Top of the Lake: une deuxième saison pas au top

L’intégrale de Top of the Lake sort en DVD chez Arte Editions. Si la saison 1 avait fait l’unanimité, ce n’est pas le cas de la deuxième, qui en a déçu plus d’un. Bilan.

Top of The Lake, Saison 2 © See-Saw Films / Sally Bongers

Forte d’un excellent accueil critique en 2013 lors de la diffusion de sa première saison, Top of The Lake n’a pas convaincu tout le monde avec son deuxième volet : China Girl.

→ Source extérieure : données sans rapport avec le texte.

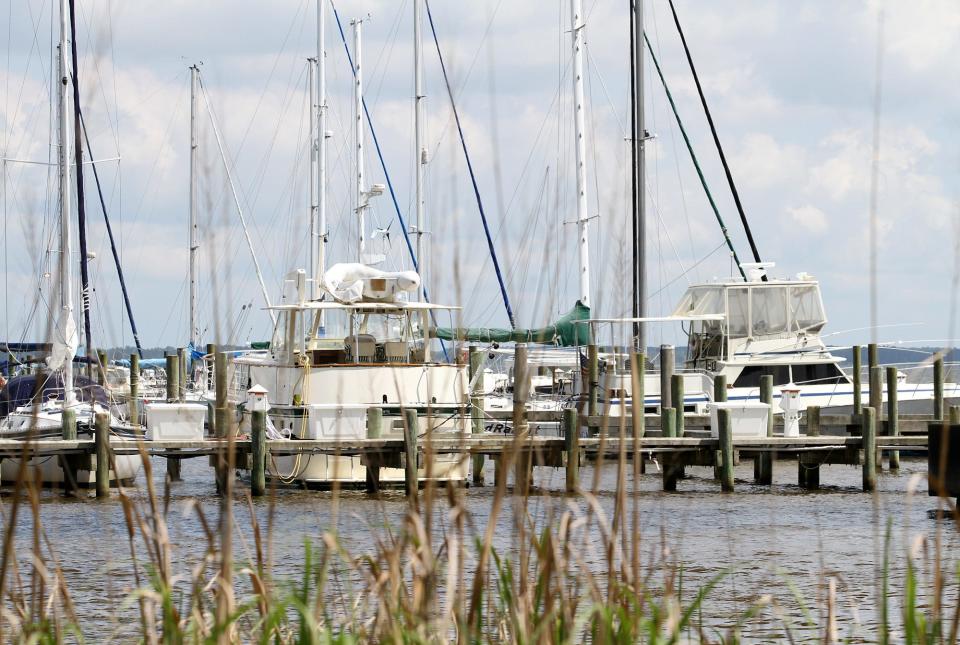 A view of the docks in Oriental, a small Down East community in Carteret County.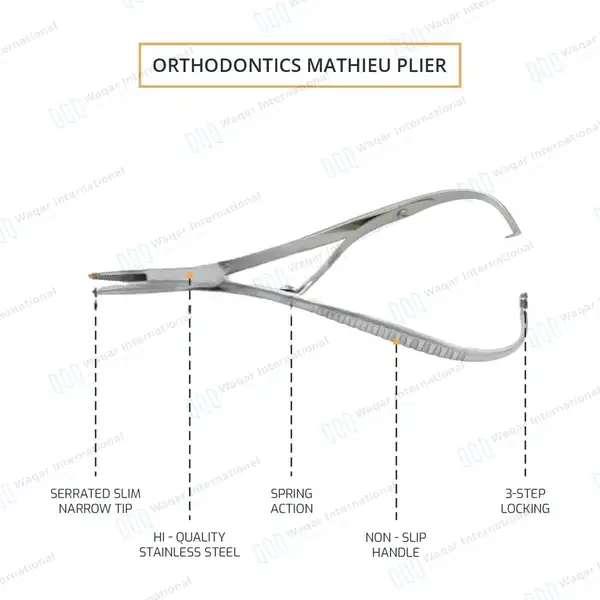 Mathieu Ligature Elastic Placing Plier 5.5″ Slim Narrow Tip - surgical instruments manufactured by Waqar International, Sialkot - view 4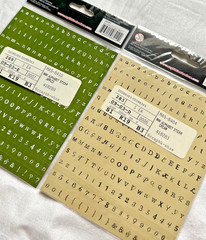 MY LITTLE SHOEBOX Scrapbook Mini Alphabet Stickers Apple Green & Cream 460 x 2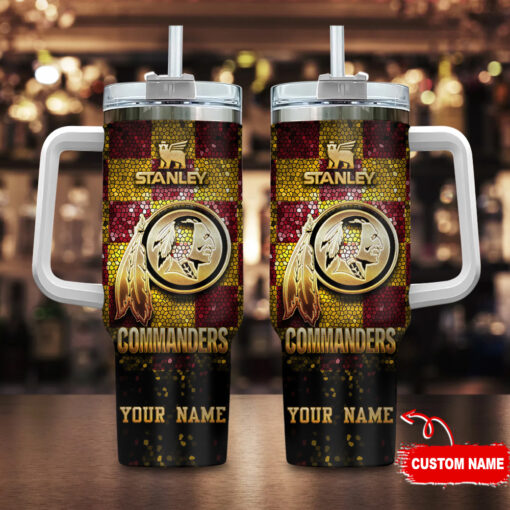 washington commanders nfl glitter golden logo custom stanley quencher 40oz stainless steel tumbler with handle 35uvc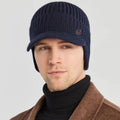 Fleece Lined Earmuff Beanie – Thick Windproof Knit Hat with Built-In Earmuffs for Men & Women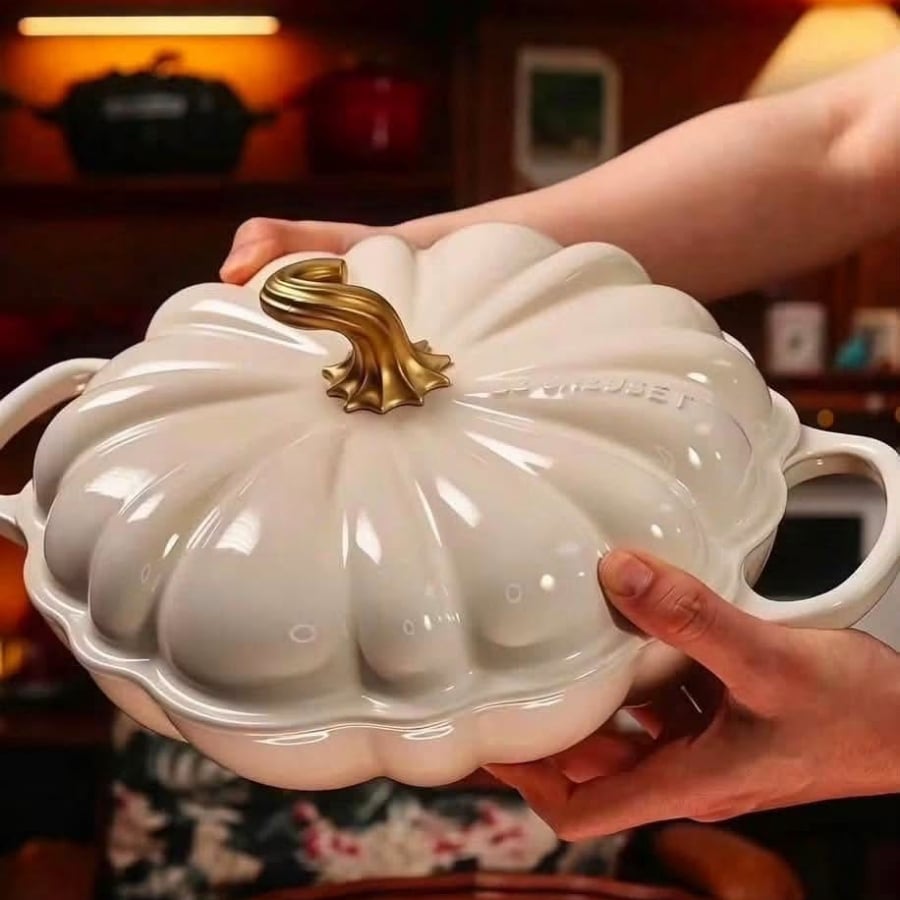 Nồi chảo bí ngô Le Creuset Meringue 28cm 2.5L đủ lớn để đựng cả một con gà hoặc đùi cừu, đủ bền để chịu được nhiệt độ cao của lò nướng hoặc lò nướng BBQ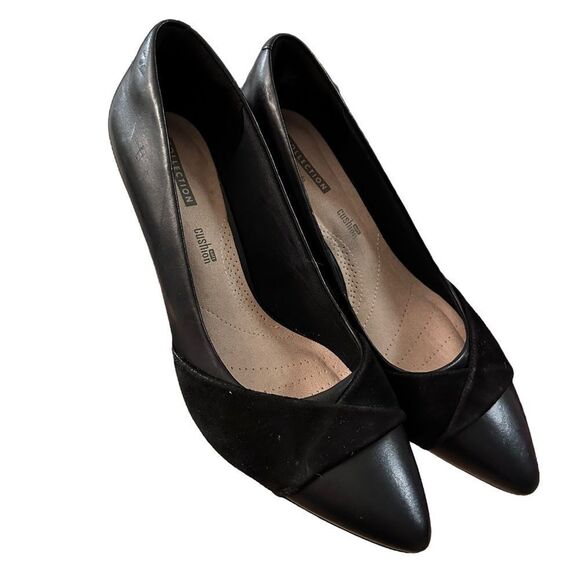 Clarks Women's Linvale Vena Black Twist Detail Pump ~ Ortholite Footbed ~size 9 - Picture 1 of 11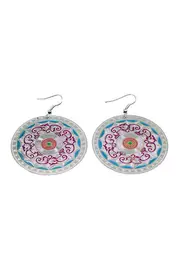 Multi Coloured Emboss Earring--JJ-6192
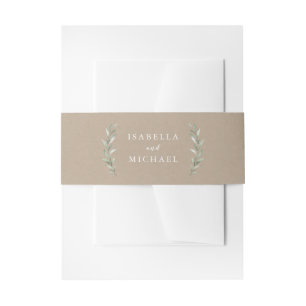 Kraft Simple rustic greenery wedding Invitation Belly Band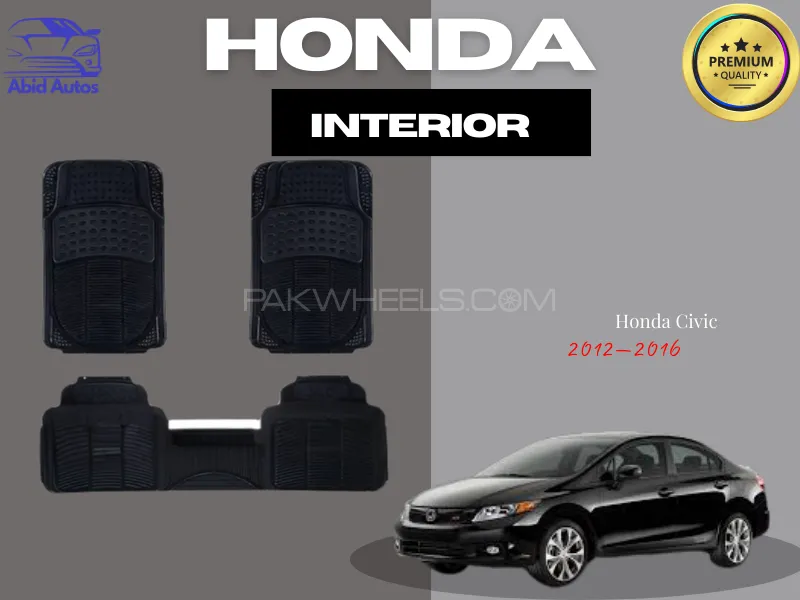 3PCS PVC Rubber Car Floor Mat Set | For Honda Civic 2012–2016 | Durable All-Weather Protection Image-1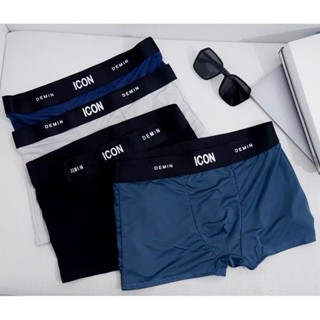 Sét 4 quần lót nam boxer ICON ,quần sịp nam icon thun lạnh co dãn 4 chiều mềm mịn mát,,quần sịp nam ICON DEMIN loại 1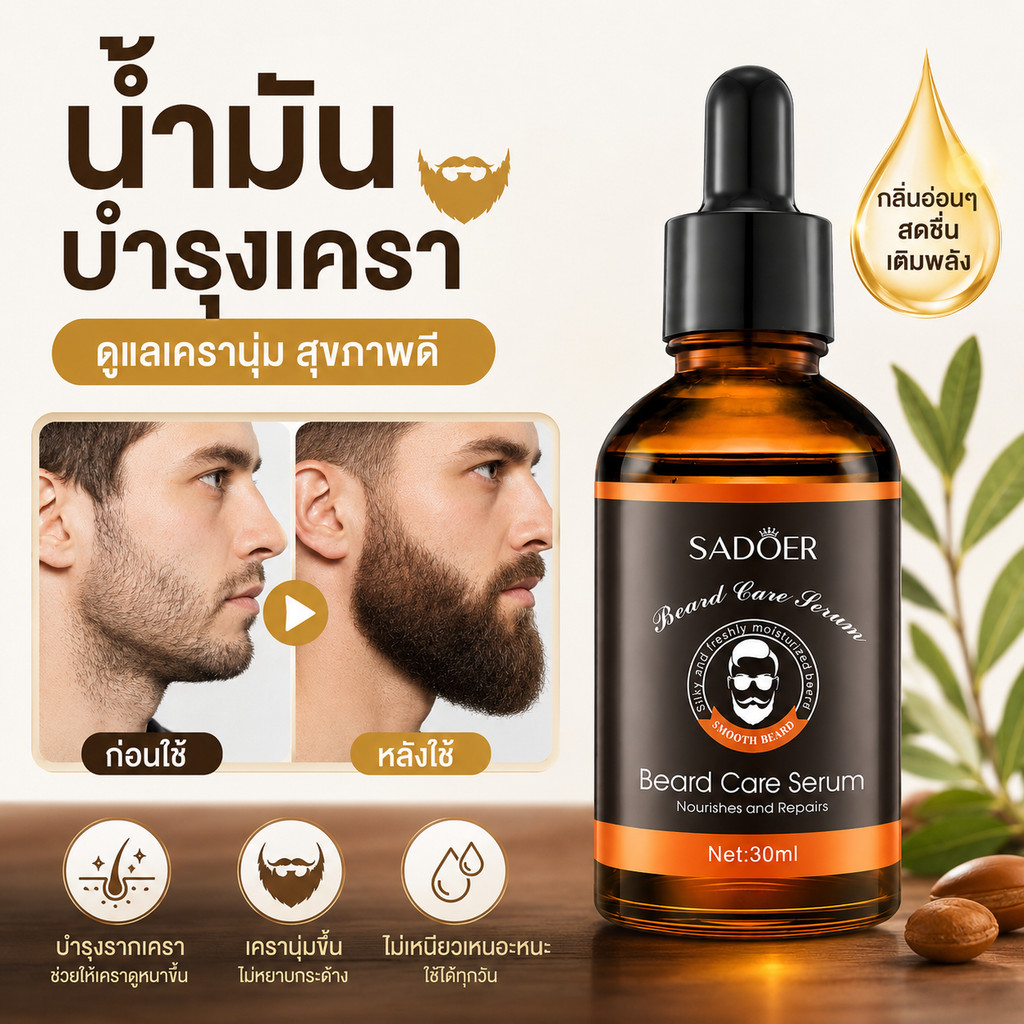 🔥ซื้อ 1 แถม 1🔥 SADOER เซรั่มบำรุงหนวด เครา คิ้ว และเส้นผม เติมความชุ่มชื้น ดูแลเส้นขนให้ดูนุ่ม สุขภา
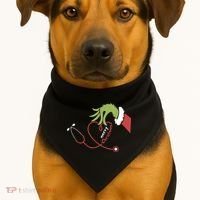 Merry Christmas Nurse Funny Nursing Christmas USA-Made Doggie Bandana thumb 1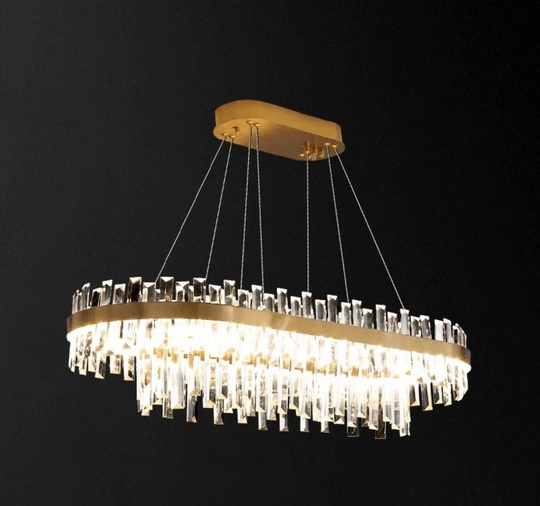 Люстра подвесная, медь, кристалл, GURAY 100*35, металл, LED.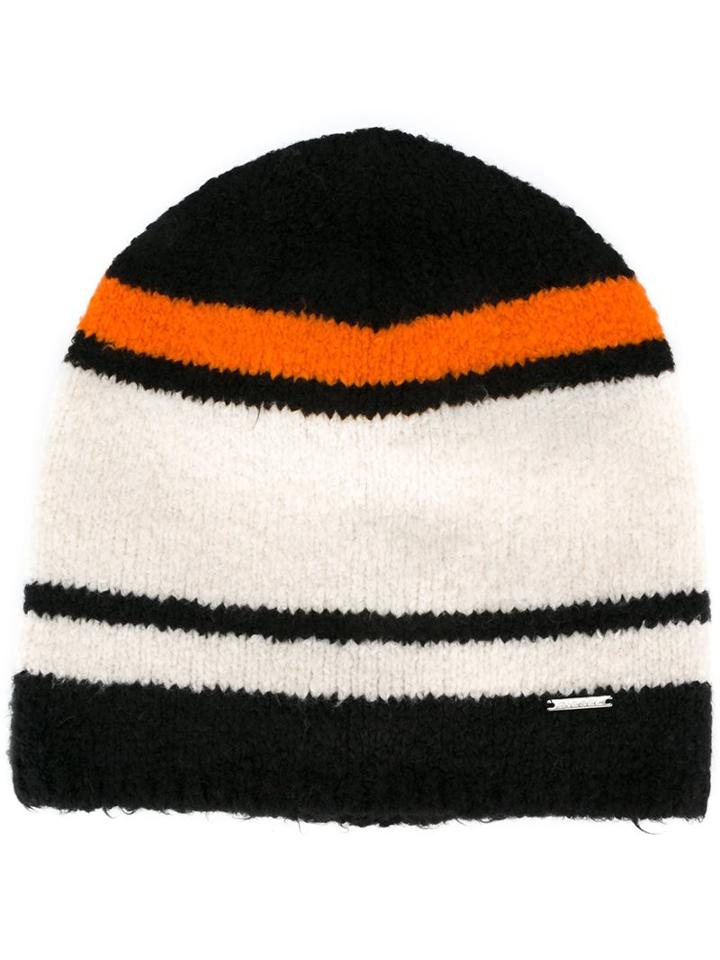 Diesel Striped Hat, Adult Unisex, Black, Cotton/nylon/spandex/elastane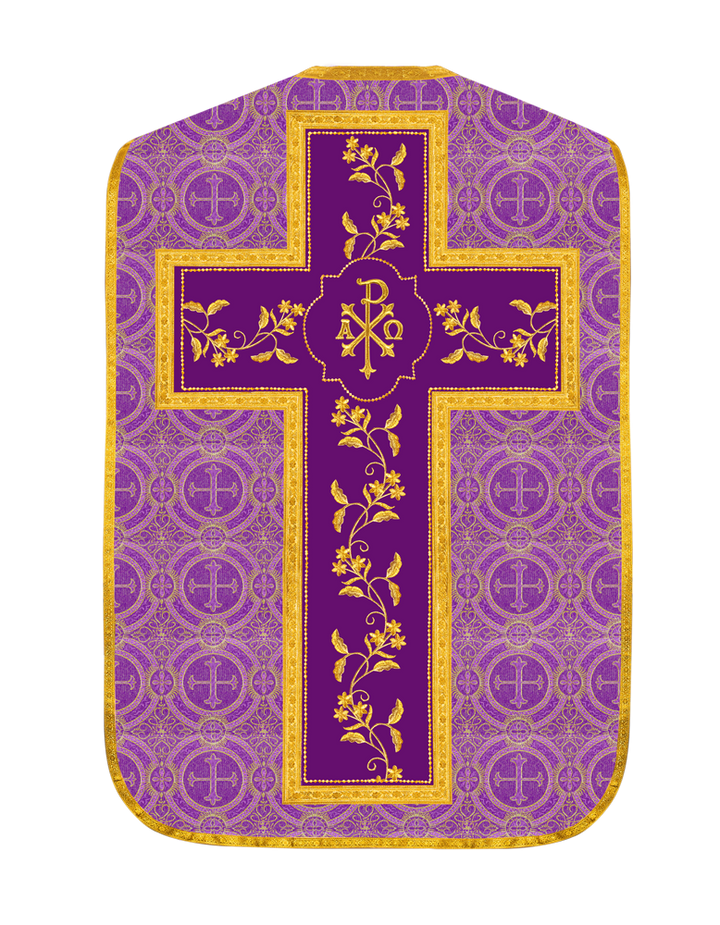 Elegant Roman chasuble vestment - Floral collection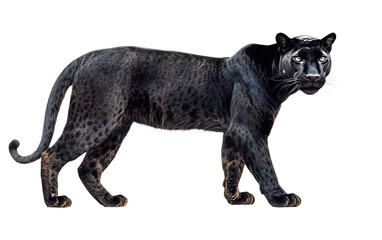 Wild standing black panther on transparent background, png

Diffusés pour la première fois sur Arte en novembre 2013, les trois premiers épisodes de la saison 1 avaient enregistré en moyenne 3,8 % de part de marché et 822 000 téléspectateurs. Le lancement de la saison 2 de la série le 7 décembre dernier a attiré 857 000 habitués en moyenne sur les deux épisodes inédits de la soirée, soit 3,7 % du public. Mais malgré ce bon départ, la suite de la deuxième saison n’a cependant rassemblé que 703 000 téléspectateurs pour les deux épisodes suivants, soit 3,2 % du public.

De la campagne à la ville

Les critiques sur cette suite de l’excellente série de Jane Campion (The Piano, In The Cut), portée par Elisabeth Moss (Mad Men, The Handmaid’s Tale) sont mitigées. Ce qui semble décevoir le plus, c’est le changement de cadre. Si la première saison pouvait compter sur les décors mystiques d’une petite ville lacustre de la Nouvelle-Zélande, le cadre plus vacancier et populaire de Sydney n’a malheureusement pas convaincu. Pour certains, on y perdrait l’intensité et l’impression de huis clos qui avaient fait la force de la première saison. The Atlantic décrète alors que « la série a perdu son environnement visuel distinctif ». Et pour cause, le directeur de la photographie de la première saison, Adam Arkapaw, n’est pas revenu pour la seconde. Le Monde se montre beaucoup plus enthousiaste vis-à-vis de ce déménagement, affirmant que « Jane Campion accomplit le prodige de conserver la même atmosphère et fait de la ville australienne un lieu surnaturel à l’urbanité diffuse et presque invisible ».

Des hommes insupportables

Si les caractéristiques premières de la série sont toujours là (maternité et misogynie), le sexisme omniprésent est selon plusieurs critiques beaucoup trop exagéré. Pour The Guardian, « le plus grand atout de la série était son exploration du patriarcat et de la culture du viol. Elle essaie de faire la même chose, mais cette fois-ci cela tombe à plat. Matt Mitcham joué par Peter Mullan était un monstre, mais un monstre complexe, écrit avec nuance et pour lequel on pouvait même ressentir une certaine sympathie ». Ce qui est loin d’être le cas de Puss (David Dencik), personnage plus que détestable qui semble tout droit sorti d’un dessin animé tant son côté diabolique est accentué. Mais si les critiques affirment que « tous les hommes » de la série sont d’horribles machos, elles semblent oublier le personnage de Pyke (Ewen Leslie), le père adoptif de Mary, un homme doux et à l’écoute des femmes qui l’entourent. Nuance donc.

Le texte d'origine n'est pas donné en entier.